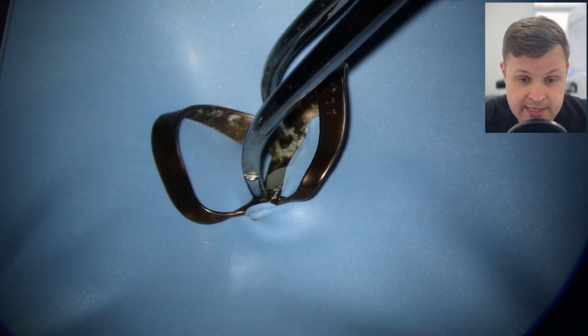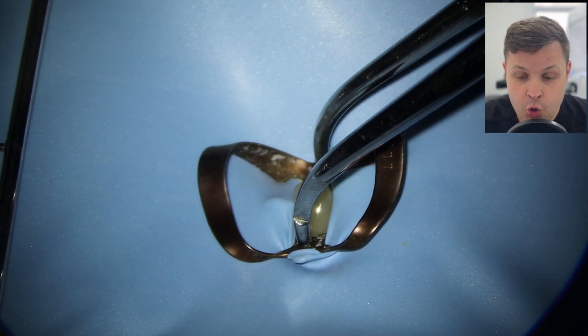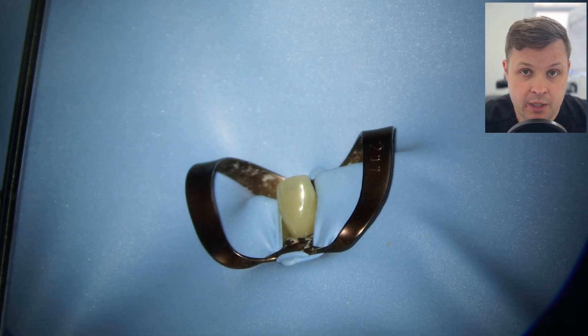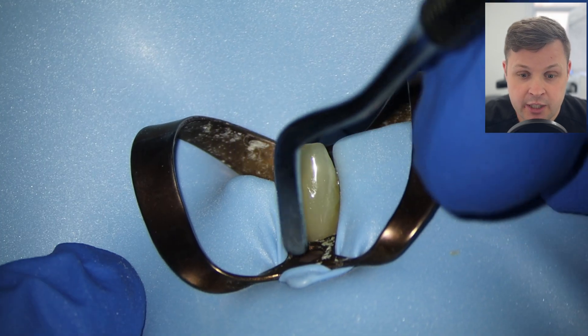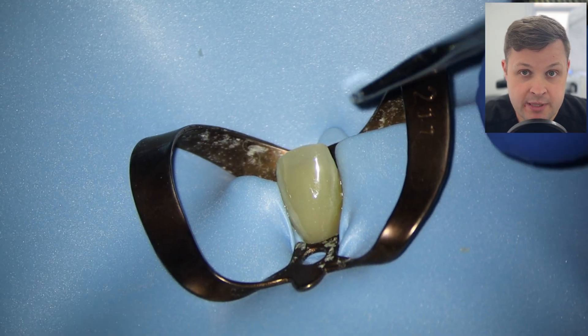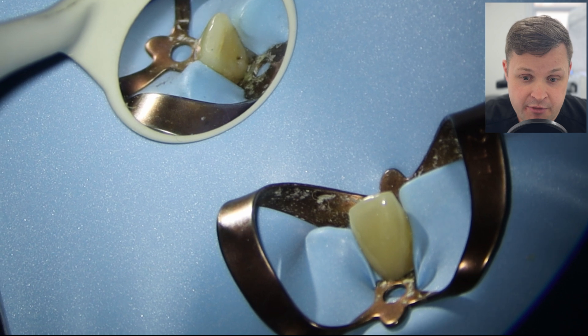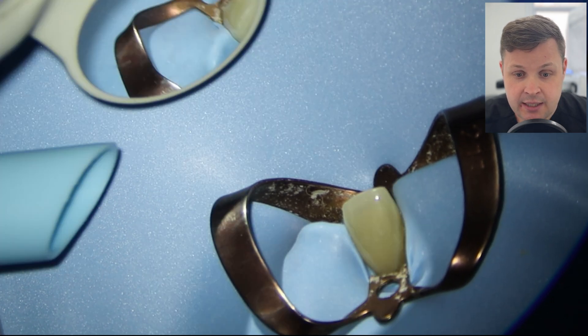The very first thing we want to do is place the rubber dam. Again, I've mentioned this before: no rubber dam, no root canal. There are absolutely no ifs, no buts on that one — you 100% need rubber dam for root canal, mainly for safety and also for cross infection control.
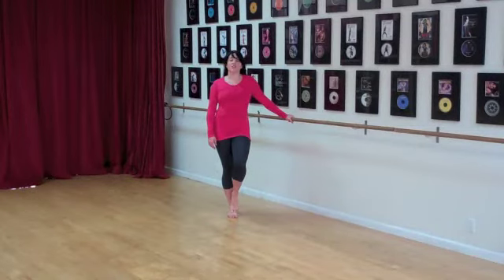Hi, this is Jessica with Breaking Muscle. I'm going to teach you today how to do a bar side stretch. There are a couple of versions.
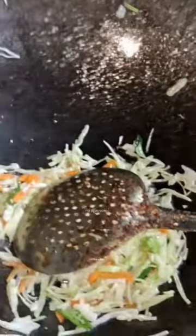Afterwards you are putting in the egg. One or two eggs — whatever you want. We are putting two eggs here, depending on how much you want.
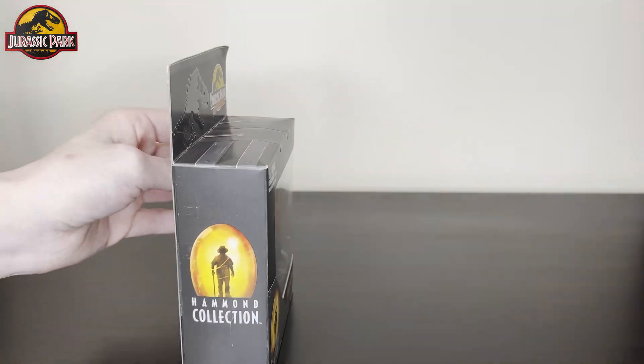That's it for the review on the baby Stegosaurus. Really happy with the figure, love the little baby so far. Subscribe to the channel for more Hammond collection reviews like this. If you like the video, give it a like. I'm John Soroka, and I'll catch you next time. Thanks, bye.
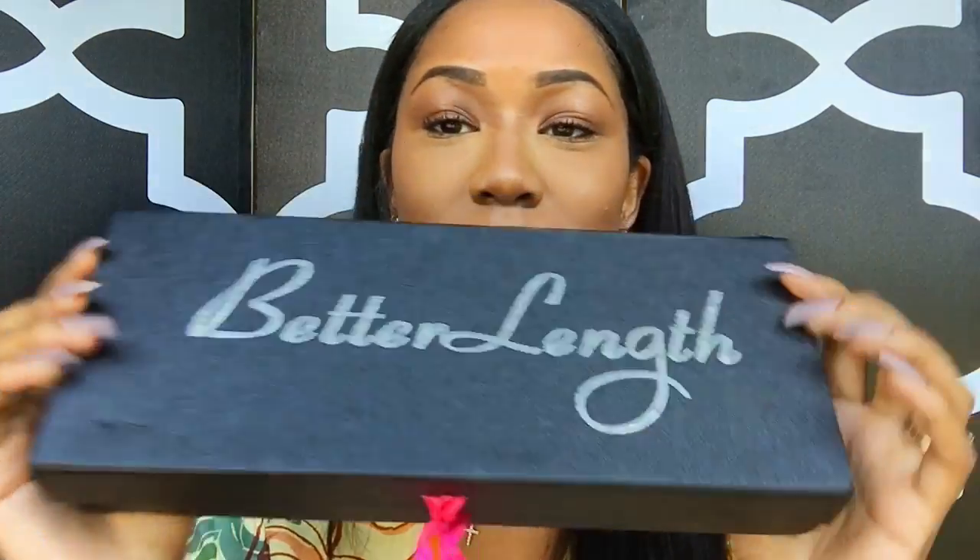Hey guys, welcome back to our channel! Do you notice anything different about me? My hair grew overnight and I'm loving it. Obviously I have hair extensions in, but can you believe this hair is clip-ins? I got these clip-ins sent to me by Better Length Clip-ins. This is the packaging, the box they came in. I'm going to tell you guys all about it and show you how I install them, so stay tuned.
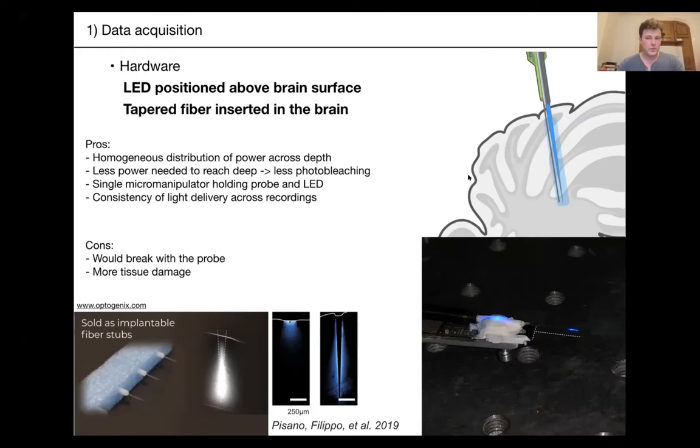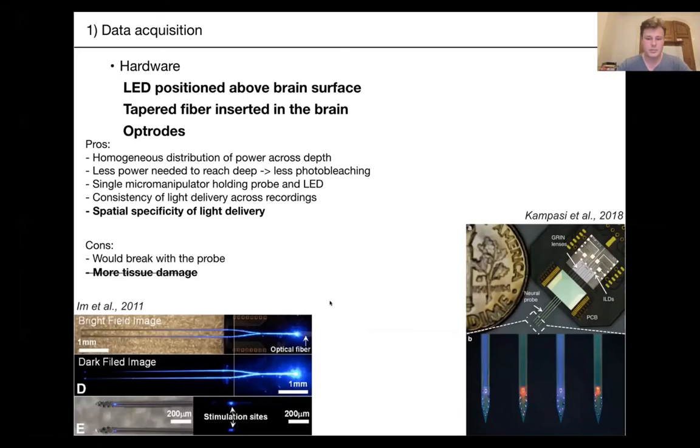This setting could be much better if you're using optodes. I'm putting them here because in some future, Neuropixels probes might have LEDs on their shanks, allowing direct stimulation of deep neurons with a single apparatus. These settings are ideal because they allow better spatial specificity of light delivery with no extra tissue damage from an additional glass fiber.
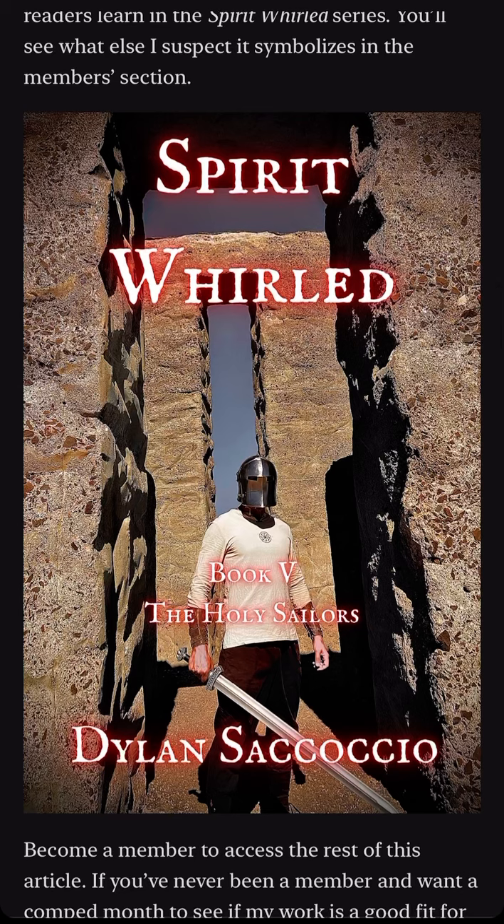Did they make it to the Americas, or did Americans make it to Asia, Europe, or Africa? You'll notice I chose a shirt with that totemic symbol for the cover to convey the ancient universal system that readers learn in the Spirit World series.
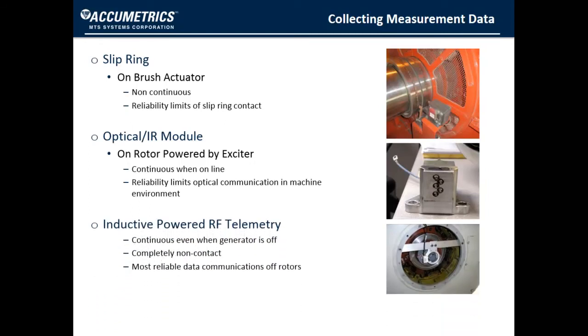The third method, used in Acumetrix's FRAM system, is inductive-powered radio frequency telemetry. It is a continuous method, even when the generator is turned off, and it is also the most reliable means of data communication off of rotors.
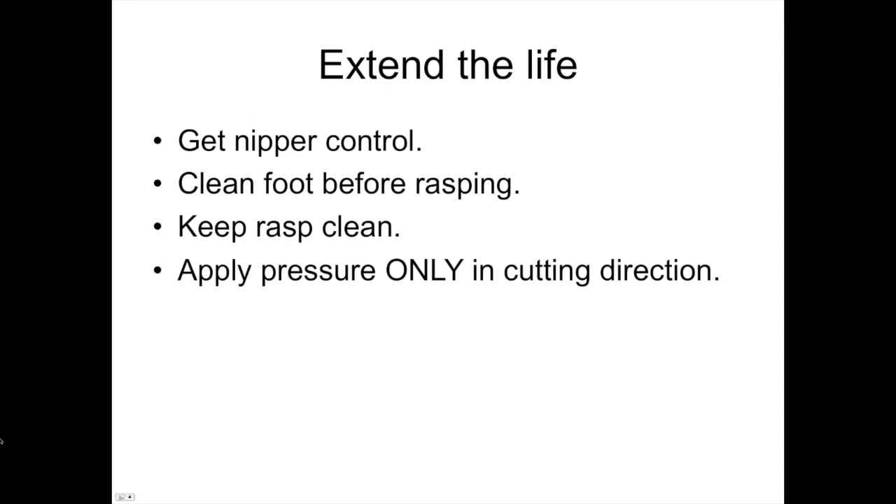To extend the life of your rasp, perhaps one of the biggest challenges is nipper control. The better your nipper control, the more life you'll get from a rasp. A rasp is meant to do nothing but lightly float a foot after a quality nipper job — it's not meant to remove a lot of foot. So get handy with your nippers. If you have apprentices riding in your truck, put time into making a nice clean nipper run so your rasp doesn't have to do any aggressive foot removal. You can dramatically increase the number of horses per rasp just by developing good nipper control.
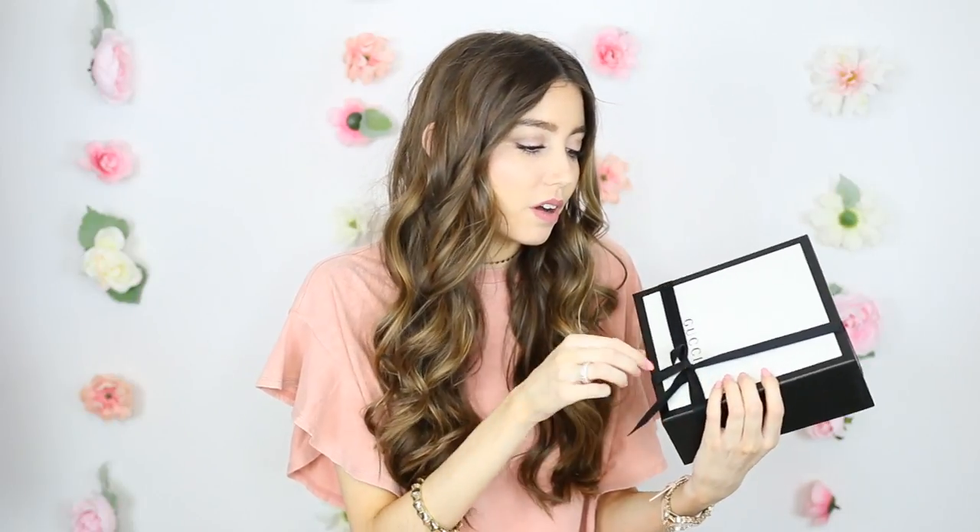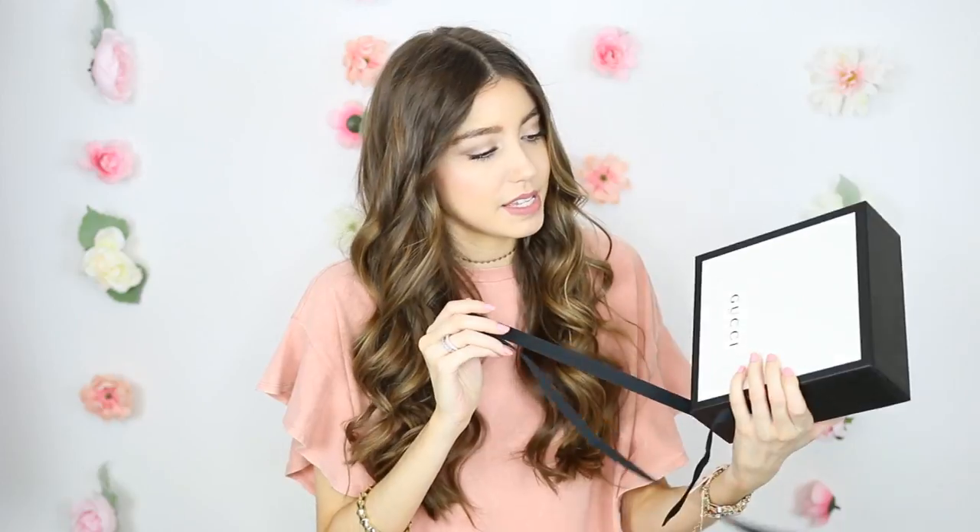So we'll take this ribbon off. It came really nicely packaged. Again, this is from online, so this is not from the store. So this is what it looks like — I'll hold it like this so you can see and I'm not out of frame. Comes perfectly packaged with a Gucci sticker.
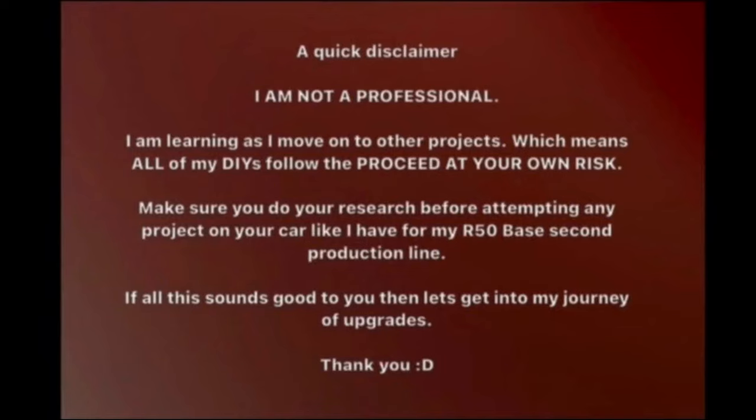A quick disclaimer: I am not a professional. I'm learning as I move on to other projects, which means all of my DIYs follow the 'proceed at your own risk' rule. Make sure you do the research before attempting any project on your car like I have. If all of this sounds good to you, then let's continue.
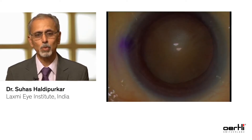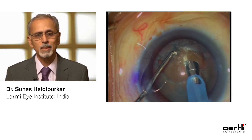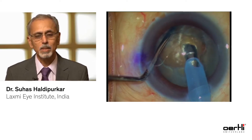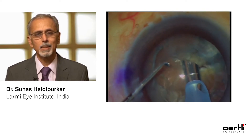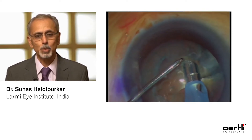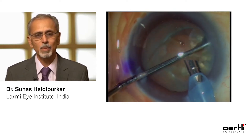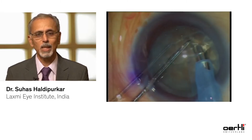This is one of those hard cataracts. After viscoelastic is injected, a rhexis is performed. This is the Easy Tip 2.8 to tackle or disassemble these nuclei — you should get an excellent purchase on the nucleus. Keep your phaco tip in the center and get a good hold on the nucleus, then use your sharp tip chopper.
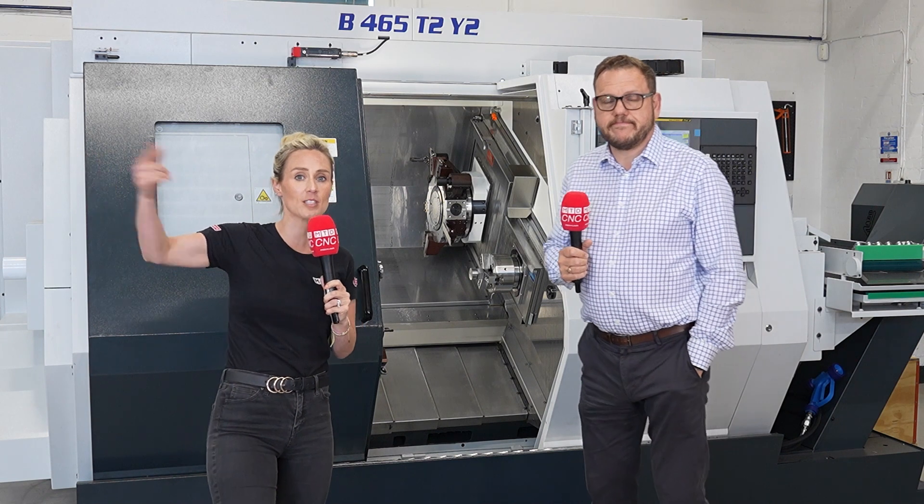Perfect — if you're making complex components, this is the machine available from stock here at White House Machine Tools.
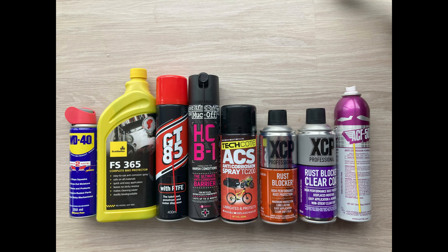Hi guys, welcome back to the channel. Today we're going to be kicking off for real the anti-rust treatment test — it's all set up and ready to go. When I did the intro last week I was waiting for a couple more treatments, a couple more sprays I was going to include. Thank you for your ideas, I really appreciate that. I've added two in, which I'll show you in a tick. Let's first go through all the ones I've bought so far.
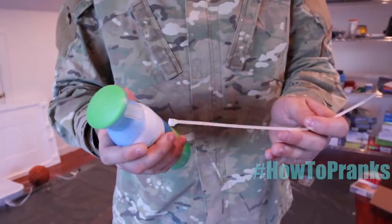So you want to know how to prank? Today Crazy Russian Hacker and I are going to show you a few pranks you can pull right at home. Let's get it.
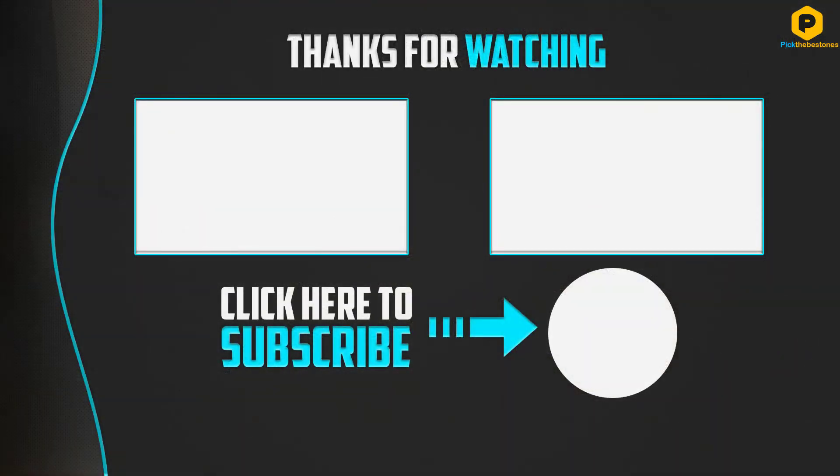Thank you for watching. I hope you liked this video. If this video was helpful to you, please make sure to like, comment, and don't forget to subscribe.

-.-.-

## Directions for this task:
The answer must consist of the entries above, reproduced word for word, without any pictures.

## Expected answer:
The very first thing we want to do is place the rubber dam. Again, I've mentioned this before: no rubber dam, no root canal. There are absolutely no ifs, no buts on that one — you 100% need rubber dam for root canal, mainly for safety and also for cross infection control.
Hi, this is Jessica with Breaking Muscle. I'm going to teach you today how to do a bar side stretch. There are a couple of versions.
Afterwards you are putting in the egg. One or two eggs — whatever you want. We are putting two eggs here, depending on how much you want.
That's it for the review on the baby Stegosaurus. Really happy with the figure, love the little baby so far. Subscribe to the channel for more Hammond collection reviews like this. If you like the video, give it a like. I'm John Soroka, and I'll catch you next time. Thanks, bye.
Hey guys, welcome back to our channel! Do you notice anything different about me? My hair grew overnight and I'm loving it. Obviously I have hair extensions in, but can you believe this hair is clip-ins? I got these clip-ins sent to me by Better Length Clip-ins. This is the packaging, the box they came in. I'm going to tell you guys all about it and show you how I install them, so stay tuned.
This setting could be much better if you're using optodes. I'm putting them here because in some future, Neuropixels probes might have LEDs on their shanks, allowing direct stimulation of deep neurons with a single apparatus. These settings are ideal because they allow better spatial specificity of light delivery with no extra tissue damage from an additional glass fiber.
Did they make it to the Americas, or did Americans make it to Asia, Europe, or Africa? You'll notice I chose a shirt with that totemic symbol for the cover to convey the ancient universal system that readers learn in the Spirit World series.
The third method, used in Acumetrix's FRAM system, is inductive-powered radio frequency telemetry. It is a continuous method, even when the generator is turned off, and it is also the most reliable means of data communication off of rotors.
To extend the life of your rasp, perhaps one of the biggest challenges is nipper control. The better your nipper control, the more life you'll get from a rasp. A rasp is meant to do nothing but lightly float a foot after a quality nipper job — it's not meant to remove a lot of foot. So get handy with your nippers. If you have apprentices riding in your truck, put time into making a nice clean nipper run so your rasp doesn't have to do any aggressive foot removal. You can dramatically increase the number of horses per rasp just by developing good nipper control.
So we'll take this ribbon off. It came really nicely packaged. Again, this is from online, so this is not from the store. So this is what it looks like — I'll hold it like this so you can see and I'm not out of frame. Comes perfectly packaged with a Gucci sticker.
A quick disclaimer: I am not a professional. I'm learning as I move on to other projects, which means all of my DIYs follow the 'proceed at your own risk' rule. Make sure you do the research before attempting any project on your car like I have. If all of this sounds good to you, then let's continue.
This is one of those hard cataracts. After viscoelastic is injected, a rhexis is performed. This is the Easy Tip 2.8 to tackle or disassemble these nuclei — you should get an excellent purchase on the nucleus. Keep your phaco tip in the center and get a good hold on the nucleus, then use your sharp tip chopper.
Perfect — if you're making complex components, this is the machine available from stock here at White House Machine Tools.
Hi guys, welcome back to the channel. Today we're going to be kicking off for real the anti-rust treatment test — it's all set up and ready to go. When I did the intro last week I was waiting for a couple more treatments, a couple more sprays I was going to include. Thank you for your ideas, I really appreciate that. I've added two in, which I'll show you in a tick. Let's first go through all the ones I've bought so far.
So you want to know how to prank? Today Crazy Russian Hacker and I are going to show you a few pranks you can pull right at home. Let's get it.
Thank you for watching. I hope you liked this video. If this video was helpful to you, please make sure to like, comment, and don't forget to subscribe.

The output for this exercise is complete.